= ENTRIES SUPPLIED =
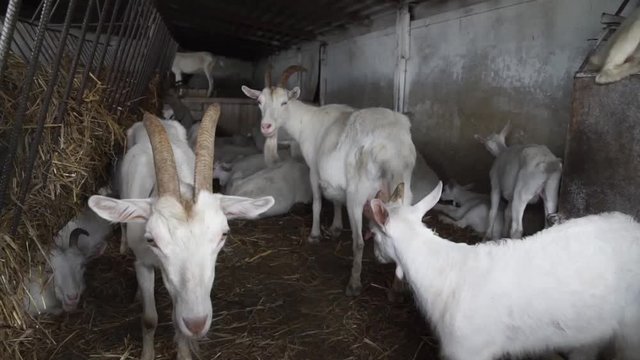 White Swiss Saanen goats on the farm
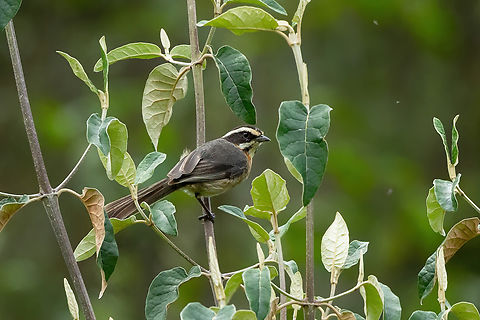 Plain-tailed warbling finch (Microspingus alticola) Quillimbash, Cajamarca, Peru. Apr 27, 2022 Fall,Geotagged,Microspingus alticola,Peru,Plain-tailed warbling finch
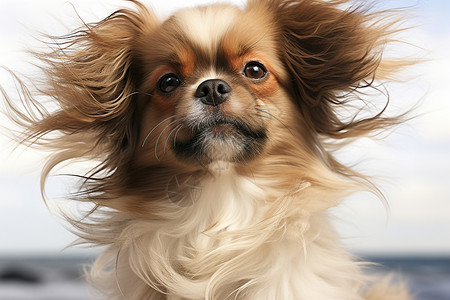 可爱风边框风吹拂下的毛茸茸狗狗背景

...

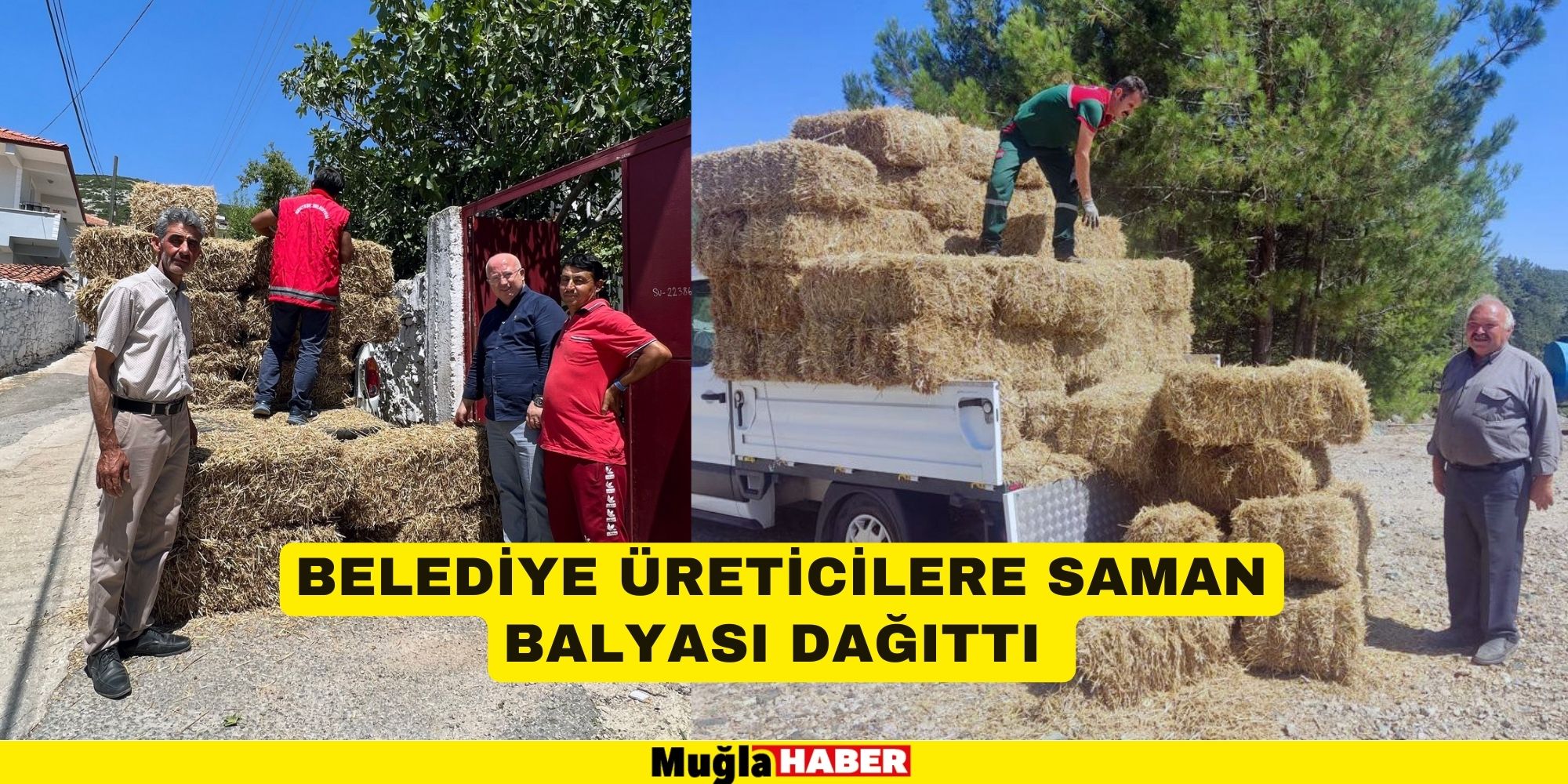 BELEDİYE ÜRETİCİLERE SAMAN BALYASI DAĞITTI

= EXERCISE INSTRUCTIONS =
All pictures are to be skipped. Output, word for word, the lines in the data above starting at the line containing "White Swiss Saanen goats on the farm" and ending at the line containing "可爱风边框风吹拂下的毛茸茸狗狗背景".

= TASK SOLUTION =
 White Swiss Saanen goats on the farm
 Plain-tailed warbling finch (Microspingus alticola) Quillimbash, Cajamarca, Peru. Apr 27, 2022 Fall,Geotagged,Microspingus alticola,Peru,Plain-tailed warbling finch
 可爱风边框风吹拂下的毛茸茸狗狗背景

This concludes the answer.